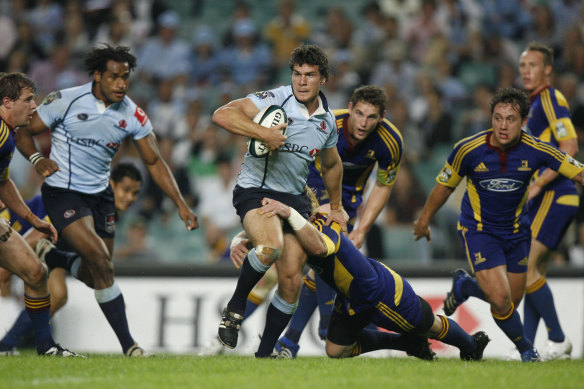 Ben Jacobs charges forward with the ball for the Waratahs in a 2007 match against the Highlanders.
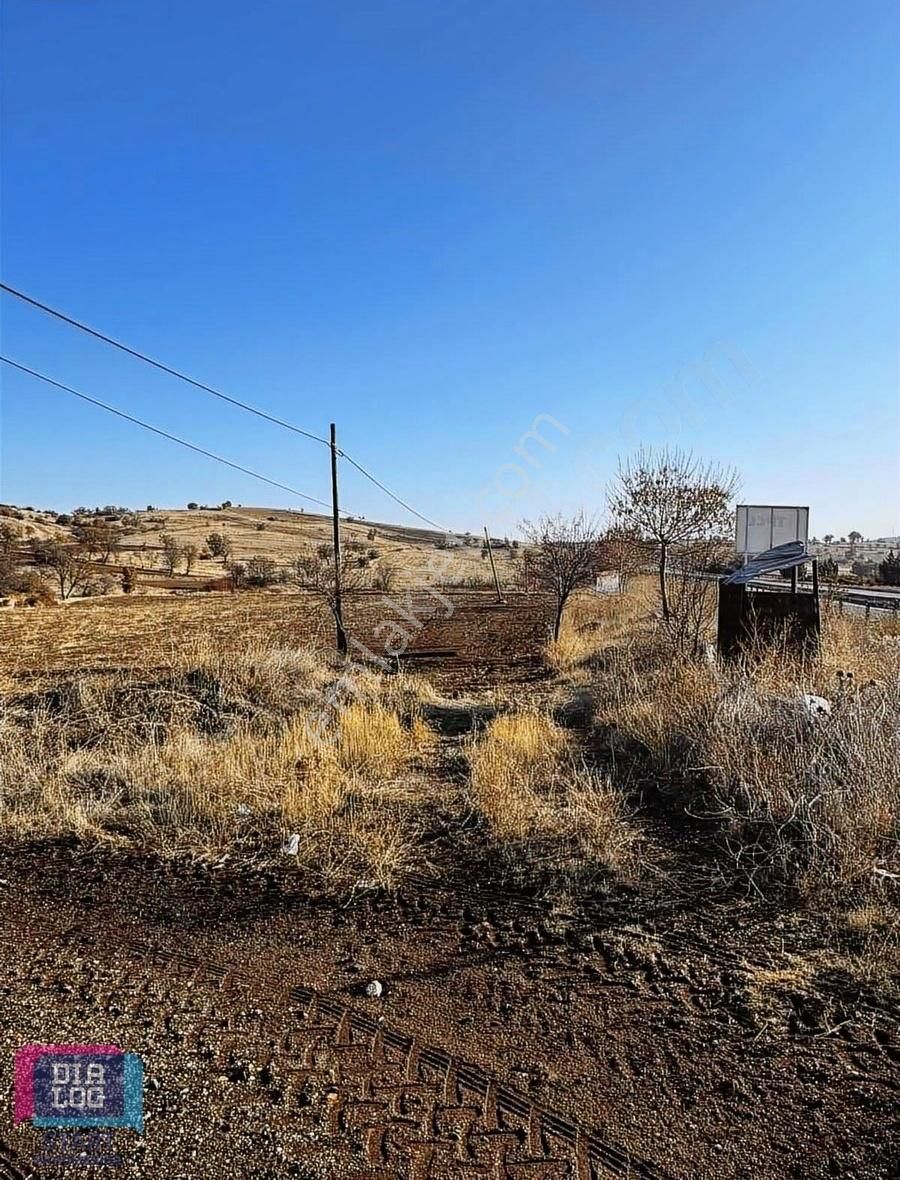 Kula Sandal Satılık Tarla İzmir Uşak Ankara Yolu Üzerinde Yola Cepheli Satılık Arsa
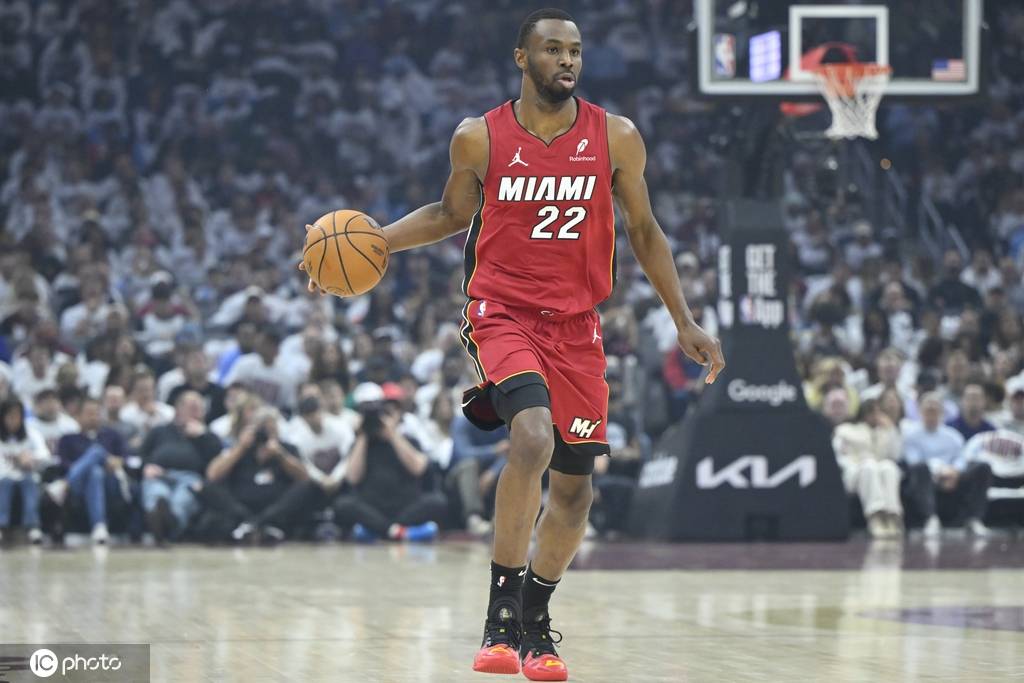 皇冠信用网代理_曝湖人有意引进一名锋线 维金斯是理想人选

::::::::::

▸ **TRY IT**:
Output the full material above exactly, leaving every picture out.

▸ **OUTPUT**:
 Ben Jacobs charges forward with the ball for the Waratahs in a 2007 match against the Highlanders.
 Kula Sandal Satılık Tarla İzmir Uşak Ankara Yolu Üzerinde Yola Cepheli Satılık Arsa
 皇冠信用网代理_曝湖人有意引进一名锋线 维金斯是理想人选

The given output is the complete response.